Response 2. The main objective of the modeling in both examples was to obtain and compare the main physical performance indicators of eTrucks and Diesels. The driving conditions are not of fundamental importance. The main requirement is that these conditions are the same for all groups of compared vehicles. In Case 1, the model variants were clearly determined by the stated task of studying the options for organizing transportation between a logistics center and a VW plant. In Case 2, a transport network was selected that is typical for the use of eTrucks in medium-distance transportation. The scheme shown in Fig. 8 is the result of planning a series of experiments aimed at solving the stated task.
Comments 3. The authors provided only 30 literary sources, of which only an insignificant part are scientific articles written in the last 5 years, and the other part are either links to descriptions of electric truck models or to descriptions of modelling systems. This area of science is developing quite quickly, so it would be interesting to learn in more detail what studies in this area have been carried out in recent years.

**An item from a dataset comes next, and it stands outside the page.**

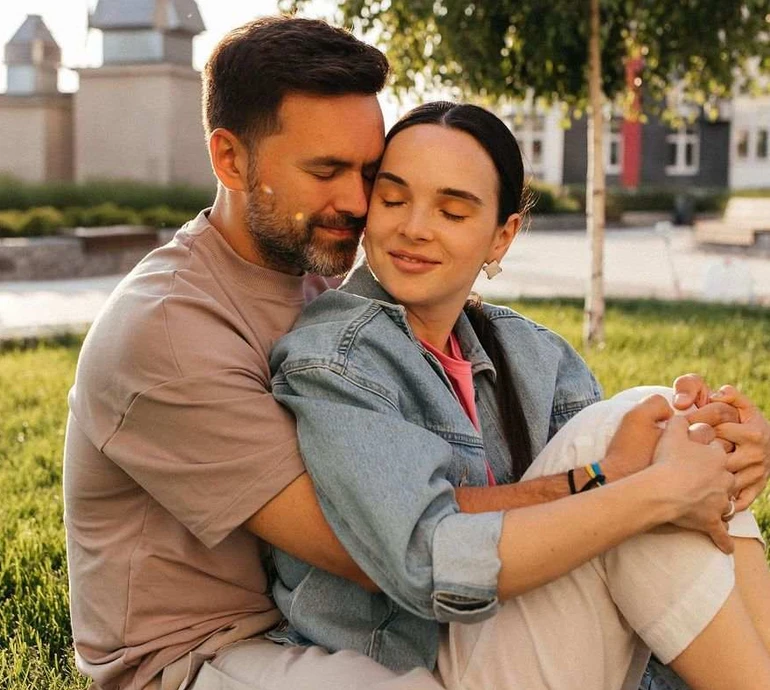 Найбільше моє щастя у житті - зустріти тебе: дружина Мірошниченка зворушила зізнанням та ніжним ВІДЕО з чоловіком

Response 3. This work of the authors is not a review article. The list of references includes only those sources, the information from which was used as initial data or the content of which directly or indirectly influenced the choice of the method for solving the problem of assessing the physical indicators of the use of the fleet of eTrucks or Diesels, set in the study.
Round 2
Reviewer 1 Report
Comments and Suggestions for AuthorsThe authors have reworked on the manuscript and addressed all my queries and comments.
No further suggestions.
Reviewer 3 Report
Comments and Suggestions for AuthorsThe paper is well-revised.
Comments on the Quality of English LanguageThe paper writing is fine.